Un arco de crisis
Las preocupaciones estratégicas de Washington se centran en un arco de crisis que abarca desde el Mediterráneo al Índico, y comprende, de oeste a este, Israel-Palestina, Siria-Líbano, Jordania, Irak, Irán, y Afganistán-Pakistán. En ese contínuum geográfico de 3.850.000 kilómetros cuadrados y 325 millones de habitantes, hay menos de un 2% de cristianos y otros tantos judíos; 300 millones, de obediencia islámica, divididos en unos 200 millones de suníes y 100 millones de chiíes, más sectas emparentadas; unos 65 millones de árabes frente a 260 millones de asiáticos islamizados; entre los no árabes la lengua predominante es el urdu (Pakistán), con 100 millones; seguida por el farsi (Irán) con 70 millones; el pushtu, con 20 millones (Afganistán y Pakistán); el kurdo, con unos 10 millones en Irak, Siria e Irán; y otros 6 millones, el hebreo. Pese a la diversidad, el conflicto es sólo uno. Estados Unidos libra, con una modesta contribución occidental, dos guerras simultáneas en Irak y Afganistán, más zonas fronterizas de Pakistán, contra pueblos musulmanes, lo que en absoluto parecía molestar a su inductor el anterior presidente norteamericano George W. Bush, pero sí es percibido por su sucesor, Barack Obama, como un pésimo negocio de imagen. Y si Washington va cerrando el capítulo iraquí con fecha de caducidad militar en 2011, no por ello menos recurre en Afganistán a una abrumadora y contraproducente potencia aérea, que causa graves estropicios civiles en bodas y banquetes.
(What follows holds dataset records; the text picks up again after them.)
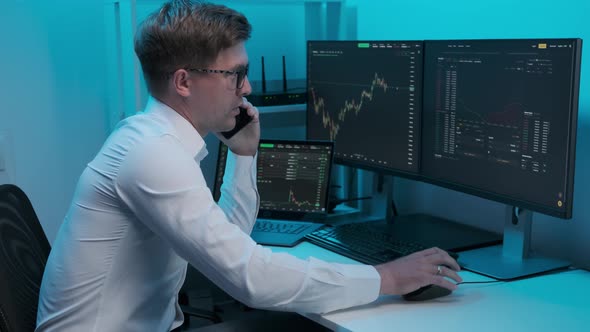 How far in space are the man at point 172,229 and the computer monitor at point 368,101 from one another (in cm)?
60

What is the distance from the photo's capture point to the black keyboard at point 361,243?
6.06 ft

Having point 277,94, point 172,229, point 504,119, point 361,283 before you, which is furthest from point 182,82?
point 277,94

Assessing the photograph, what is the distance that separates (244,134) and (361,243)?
0.43 meters

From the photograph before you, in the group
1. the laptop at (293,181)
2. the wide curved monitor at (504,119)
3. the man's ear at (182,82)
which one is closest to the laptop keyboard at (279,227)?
the laptop at (293,181)

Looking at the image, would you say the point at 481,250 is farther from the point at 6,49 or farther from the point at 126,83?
the point at 6,49

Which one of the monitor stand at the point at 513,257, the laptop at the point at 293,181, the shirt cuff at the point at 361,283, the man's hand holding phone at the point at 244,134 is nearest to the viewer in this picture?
the shirt cuff at the point at 361,283

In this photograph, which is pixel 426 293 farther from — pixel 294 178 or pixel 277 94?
pixel 277 94

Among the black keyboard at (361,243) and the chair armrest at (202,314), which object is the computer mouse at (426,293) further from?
the chair armrest at (202,314)

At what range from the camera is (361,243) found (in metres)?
1.96

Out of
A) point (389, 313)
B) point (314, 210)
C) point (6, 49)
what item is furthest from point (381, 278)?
point (6, 49)

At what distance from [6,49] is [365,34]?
4.04 feet

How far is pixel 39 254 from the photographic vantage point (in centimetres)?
169

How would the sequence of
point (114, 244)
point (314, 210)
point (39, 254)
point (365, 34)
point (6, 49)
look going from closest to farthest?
point (114, 244) → point (39, 254) → point (314, 210) → point (6, 49) → point (365, 34)

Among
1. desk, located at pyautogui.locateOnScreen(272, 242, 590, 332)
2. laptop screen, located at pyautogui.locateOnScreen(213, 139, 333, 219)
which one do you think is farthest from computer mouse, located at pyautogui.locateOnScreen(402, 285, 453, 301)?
laptop screen, located at pyautogui.locateOnScreen(213, 139, 333, 219) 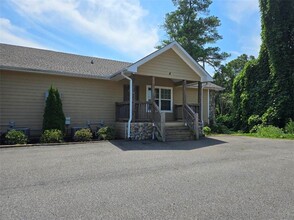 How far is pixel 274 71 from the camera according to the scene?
658 inches

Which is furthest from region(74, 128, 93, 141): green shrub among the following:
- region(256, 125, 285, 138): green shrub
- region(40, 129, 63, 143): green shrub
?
region(256, 125, 285, 138): green shrub

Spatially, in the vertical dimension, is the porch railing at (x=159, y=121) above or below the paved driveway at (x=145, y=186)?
above

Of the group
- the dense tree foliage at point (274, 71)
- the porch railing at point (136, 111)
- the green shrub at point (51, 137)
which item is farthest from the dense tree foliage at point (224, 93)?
the green shrub at point (51, 137)

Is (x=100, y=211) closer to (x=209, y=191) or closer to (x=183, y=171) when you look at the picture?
(x=209, y=191)

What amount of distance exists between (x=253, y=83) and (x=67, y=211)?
1811 centimetres

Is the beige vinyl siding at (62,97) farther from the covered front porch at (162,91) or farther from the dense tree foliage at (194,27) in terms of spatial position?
the dense tree foliage at (194,27)

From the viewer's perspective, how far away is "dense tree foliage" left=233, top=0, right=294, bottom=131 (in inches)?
628

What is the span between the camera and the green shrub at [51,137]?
10.2 m

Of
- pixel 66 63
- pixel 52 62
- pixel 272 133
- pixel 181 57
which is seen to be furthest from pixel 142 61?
pixel 272 133

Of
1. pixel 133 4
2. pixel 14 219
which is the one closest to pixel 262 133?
pixel 133 4

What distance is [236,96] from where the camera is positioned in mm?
20219

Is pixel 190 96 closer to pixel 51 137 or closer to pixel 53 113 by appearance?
pixel 53 113

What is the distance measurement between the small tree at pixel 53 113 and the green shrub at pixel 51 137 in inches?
26.9

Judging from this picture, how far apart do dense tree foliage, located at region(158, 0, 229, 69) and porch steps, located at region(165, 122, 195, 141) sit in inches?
649
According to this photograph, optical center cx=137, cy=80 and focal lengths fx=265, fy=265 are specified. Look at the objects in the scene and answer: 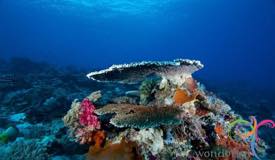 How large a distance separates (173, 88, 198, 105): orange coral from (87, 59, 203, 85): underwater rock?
0.24m

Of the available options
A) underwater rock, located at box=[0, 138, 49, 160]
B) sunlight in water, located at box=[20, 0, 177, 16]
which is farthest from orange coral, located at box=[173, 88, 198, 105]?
sunlight in water, located at box=[20, 0, 177, 16]

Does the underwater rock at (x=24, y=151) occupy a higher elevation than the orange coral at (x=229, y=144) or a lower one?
lower

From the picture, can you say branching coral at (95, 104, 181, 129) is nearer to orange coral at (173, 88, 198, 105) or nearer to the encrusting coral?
the encrusting coral

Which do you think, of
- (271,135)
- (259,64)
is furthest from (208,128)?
(259,64)

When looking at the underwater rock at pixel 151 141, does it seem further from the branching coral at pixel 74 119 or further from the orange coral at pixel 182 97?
the branching coral at pixel 74 119

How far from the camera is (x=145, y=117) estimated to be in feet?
10.5

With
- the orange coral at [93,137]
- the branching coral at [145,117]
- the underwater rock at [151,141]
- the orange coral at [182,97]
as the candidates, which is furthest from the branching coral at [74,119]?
the orange coral at [182,97]

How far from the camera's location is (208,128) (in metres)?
3.75

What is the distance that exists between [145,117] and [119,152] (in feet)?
2.11

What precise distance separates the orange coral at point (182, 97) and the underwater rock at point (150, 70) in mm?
245

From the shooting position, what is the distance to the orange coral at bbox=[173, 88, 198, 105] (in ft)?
12.3

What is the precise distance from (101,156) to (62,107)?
688cm

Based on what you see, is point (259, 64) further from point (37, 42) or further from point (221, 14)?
point (37, 42)

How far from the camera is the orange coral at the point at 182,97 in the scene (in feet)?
12.3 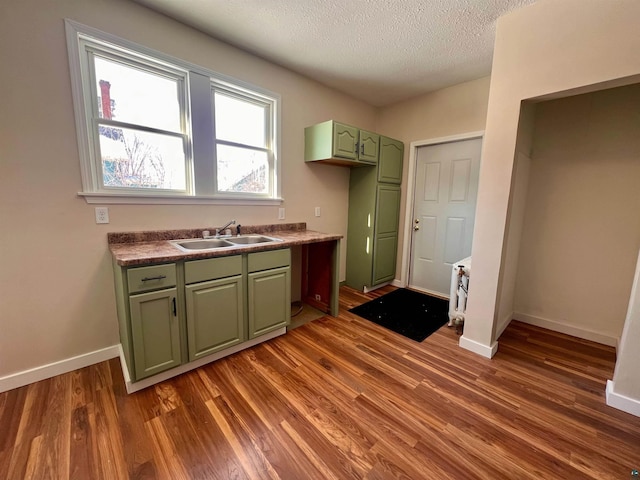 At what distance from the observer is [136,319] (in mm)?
1603

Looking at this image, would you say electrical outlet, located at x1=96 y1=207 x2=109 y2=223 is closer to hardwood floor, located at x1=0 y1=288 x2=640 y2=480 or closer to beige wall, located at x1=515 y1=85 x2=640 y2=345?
hardwood floor, located at x1=0 y1=288 x2=640 y2=480

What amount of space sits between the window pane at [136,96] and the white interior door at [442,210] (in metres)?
2.88

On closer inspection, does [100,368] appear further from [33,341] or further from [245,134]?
[245,134]

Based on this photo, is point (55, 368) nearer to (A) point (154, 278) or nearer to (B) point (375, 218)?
(A) point (154, 278)

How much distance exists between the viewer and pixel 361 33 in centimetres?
215

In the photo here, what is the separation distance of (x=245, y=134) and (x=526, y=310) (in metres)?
3.43

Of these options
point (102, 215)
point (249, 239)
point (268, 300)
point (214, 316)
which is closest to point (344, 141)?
point (249, 239)

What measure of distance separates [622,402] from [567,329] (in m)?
1.04

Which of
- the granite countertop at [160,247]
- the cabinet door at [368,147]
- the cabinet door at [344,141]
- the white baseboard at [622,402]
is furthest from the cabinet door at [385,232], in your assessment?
the white baseboard at [622,402]

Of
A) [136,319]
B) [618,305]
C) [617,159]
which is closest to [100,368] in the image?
[136,319]

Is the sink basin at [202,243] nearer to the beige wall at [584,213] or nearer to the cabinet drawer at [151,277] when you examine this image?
the cabinet drawer at [151,277]

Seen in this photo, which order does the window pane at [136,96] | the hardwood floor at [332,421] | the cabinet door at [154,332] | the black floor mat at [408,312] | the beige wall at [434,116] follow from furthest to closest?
the beige wall at [434,116]
the black floor mat at [408,312]
the window pane at [136,96]
the cabinet door at [154,332]
the hardwood floor at [332,421]

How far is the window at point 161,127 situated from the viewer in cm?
181

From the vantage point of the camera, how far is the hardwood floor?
4.05 feet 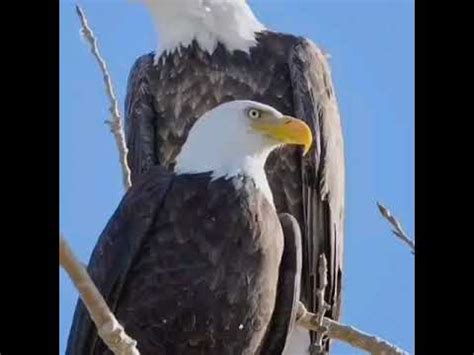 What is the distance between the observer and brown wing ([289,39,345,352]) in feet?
19.7

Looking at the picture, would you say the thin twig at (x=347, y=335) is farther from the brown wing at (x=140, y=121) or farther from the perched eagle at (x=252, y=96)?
the brown wing at (x=140, y=121)

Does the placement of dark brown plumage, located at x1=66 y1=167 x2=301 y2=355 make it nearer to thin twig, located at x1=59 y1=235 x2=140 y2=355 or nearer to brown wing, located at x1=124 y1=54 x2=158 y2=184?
thin twig, located at x1=59 y1=235 x2=140 y2=355

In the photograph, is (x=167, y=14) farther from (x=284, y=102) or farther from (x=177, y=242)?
(x=177, y=242)

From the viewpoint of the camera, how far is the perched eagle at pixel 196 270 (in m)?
4.91

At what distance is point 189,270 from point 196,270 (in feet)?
0.08

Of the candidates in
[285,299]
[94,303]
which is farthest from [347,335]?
[94,303]

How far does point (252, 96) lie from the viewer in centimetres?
612

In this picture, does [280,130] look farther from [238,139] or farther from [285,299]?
[285,299]

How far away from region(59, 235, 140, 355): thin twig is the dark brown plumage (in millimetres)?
658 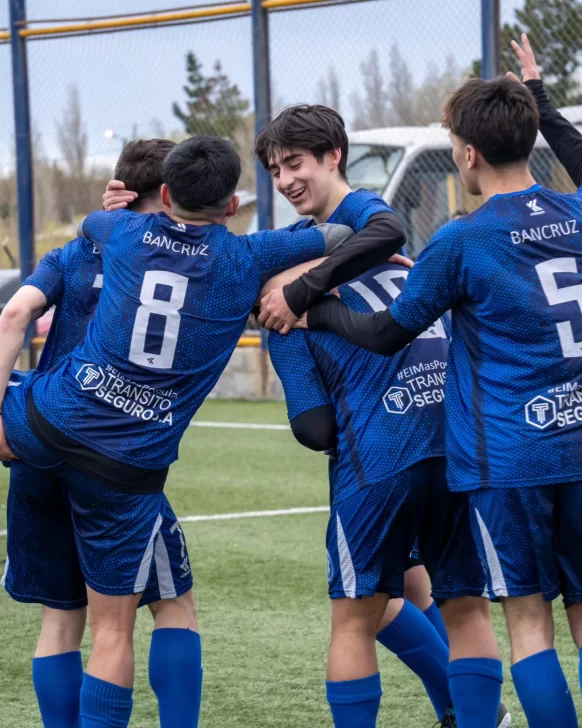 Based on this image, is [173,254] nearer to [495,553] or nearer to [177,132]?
[495,553]

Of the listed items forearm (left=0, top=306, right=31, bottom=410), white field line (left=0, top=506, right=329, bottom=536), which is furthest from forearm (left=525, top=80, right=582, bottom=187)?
white field line (left=0, top=506, right=329, bottom=536)

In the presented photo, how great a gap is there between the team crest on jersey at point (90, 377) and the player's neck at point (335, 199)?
0.74 metres

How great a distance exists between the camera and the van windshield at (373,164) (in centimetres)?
1225

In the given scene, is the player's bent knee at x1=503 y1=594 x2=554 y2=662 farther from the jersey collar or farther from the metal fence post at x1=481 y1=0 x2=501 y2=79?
the metal fence post at x1=481 y1=0 x2=501 y2=79

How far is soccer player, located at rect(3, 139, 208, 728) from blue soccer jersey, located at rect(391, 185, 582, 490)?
89cm

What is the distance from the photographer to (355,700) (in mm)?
2996

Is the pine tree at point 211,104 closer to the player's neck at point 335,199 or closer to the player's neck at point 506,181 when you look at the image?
the player's neck at point 335,199

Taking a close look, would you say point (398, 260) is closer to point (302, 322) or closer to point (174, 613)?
point (302, 322)

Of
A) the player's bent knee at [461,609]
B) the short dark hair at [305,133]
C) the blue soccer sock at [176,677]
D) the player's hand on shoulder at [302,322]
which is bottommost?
the blue soccer sock at [176,677]

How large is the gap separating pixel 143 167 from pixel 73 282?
364 mm

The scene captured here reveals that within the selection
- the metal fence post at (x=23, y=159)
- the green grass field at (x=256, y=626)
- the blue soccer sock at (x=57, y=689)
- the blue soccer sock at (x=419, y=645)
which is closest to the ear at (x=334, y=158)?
the blue soccer sock at (x=419, y=645)

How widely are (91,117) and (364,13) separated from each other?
3.41 meters

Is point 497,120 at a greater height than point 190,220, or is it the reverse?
point 497,120

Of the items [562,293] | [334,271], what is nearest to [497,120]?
[562,293]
Desde Palestina hasta Pakistán, pese a la diversidad, el conflicto es sólo uno
La militancia se nutre en Irak de terroristas de Al Qaeda y un resto de radicales suníes que defiende el predominio de que gozaba bajo Sadam Husein; y en Afganistán, de talibanes o integristas religiosos del régimen derrocado en 2002; de poderes tribales que se alían a conveniencia con los talibanes; de señores de la guerra; y de bandoleros comunes. Estados Unidos ha recurrido este último año en Irak al llamado surge -irrupción- que consiste en estipendiar a más de 100.000 suníes que han dejado de hacer una guerra a la que se dedicaban desde que quedaron en paro con su desmovilización del Ejército en 2003. Ese sistema es el que quiere aplicar Obama en Afganistán, completado con la negociación con talibanes dispuestos a integrarse en un poder en Kabul, que sea suficientemente teocrático para darles cabida; en Pakistán, paralelamente, es el propio Gobierno quien aspira a negar apoyo local al terrorismo, acordando una autonomía en la aplicación de la ley coránica a territorios diversos, como ocurre en el valle de Suat, próximo a la zona donde se refugian los terroristas. Si en el primer caso, el antídoto fue dinero y poder; en el segundo deberá ser poder y dinero.
Obama ha nombrado a George Mitchell, maronita de origen libanés, como enviado especial para Oriente Próximo, lo que garantiza la imparcialidad; a Richard Holbrooke en idéntica posición para Afganistán-Pakistán, demócrata conservador, pero contrario a la simplicidad de Bush; a Dennis Ross, agente histórico de Israel, para el Golfo, pero no como enviado sino sólo asesor especial de la secretaria de Estado Hillary Clinton; y a Rahm Emanuel, tan israelí como norteamericano, de jefe de Gabinete. Pero otras operaciones que desmienten ese eclecticismo están ya en marcha. Mientras Clinton anunciaba la semana pasada un diálogo con Siria, dos enviados norteamericanos llegaban a Damasco y el embajador de este país árabe era recibido en EE UU, y la propia Clinton invitaba a Irán a una conferencia de Estados limítrofes sobre Afganistán, el 31 de este mes. Y Londres, a quien tanto gusta hacer de edecán, reanudaba contactos con Hezbolá, la fuerza libanesa próxima a Teherán, que la UE y EE UU llaman terrorista.
El conflicto con Irán se reduce, por último, a que EE UU acepte que el país chií sea la gran potencia del Golfo, y decida sin interferencias si se dota o no del arma nuclear, como ya la tienen en el vecindario Israel, Pakistán e India. Pero ese acuerdo sería más fácil si hubiera progresos en Palestina. Y en una conferencia celebrada en el colegio de Defensa de la OTAN en Roma los pasados días 4 y 5, voces árabes resumieron lo que se esperaba de Washington: que la Casa Blanca fuera parte negociadora y no sólo gestora, hasta imponer, si llegaba el caso, una solución aceptable para los palestinos; que la paz se extendiera a todo el mundo árabe; y para hacerlo posible, que se congelase la colonización israelí de los territorios.
Ése es el arco de la crisis para Obama. Y en su centro, Palestina.